NCJ Number
107791
Editor(s)
L S Wrightsman,
S M Kassin,
C E Willis
Date Published
1987
Length
264 pages
Annotation
These 12 articles include literature reviews and empirical studies focusing on the following 4 issues related to juries: (1) whether jury selection systems are effective, (2) whether jurors are able to make unbiased judgments, (3) whether juries are competent to decide complex civil cases, and (4) whether the size of the jury or the decision rule affects the verdicts.
Abstract
Most of the articles were originally published in psychological journals or law reviews. Accompanying the articles on each topic are introductions and summaries prepared by the volume's editors. The papers on jury selection consider the procedures used in the Harrisburg Seven trial in 1972 and the effectiveness and the ethical appropriateness of the use of scientific jury selection. The analyses of juror bias examine differences between authoritarian and nonauthoritarian individuals, the role of nonrational factors in jury decisionmaking, and discrepancies between the bias of individual jurors and the fairness of jury verdicts.
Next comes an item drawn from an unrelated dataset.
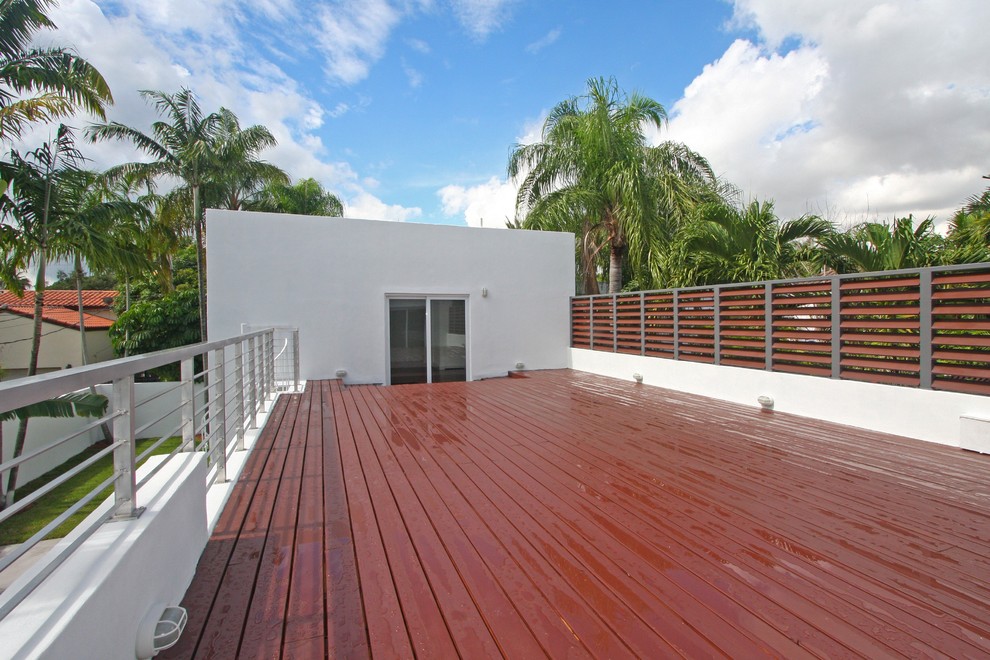 Contemporary deck in Miami.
The papers on jury competence in complex civil cases focus on the impacts of the timing and wording of judges' instructions and suggest ways for remedying problems in current procedures. The analyses of jury size and the decision rule discuss research designs for studying jury size, existing literature on jury size, and outcome and process effects of shifting a majority decision rule. Chapter figures, tables, and references.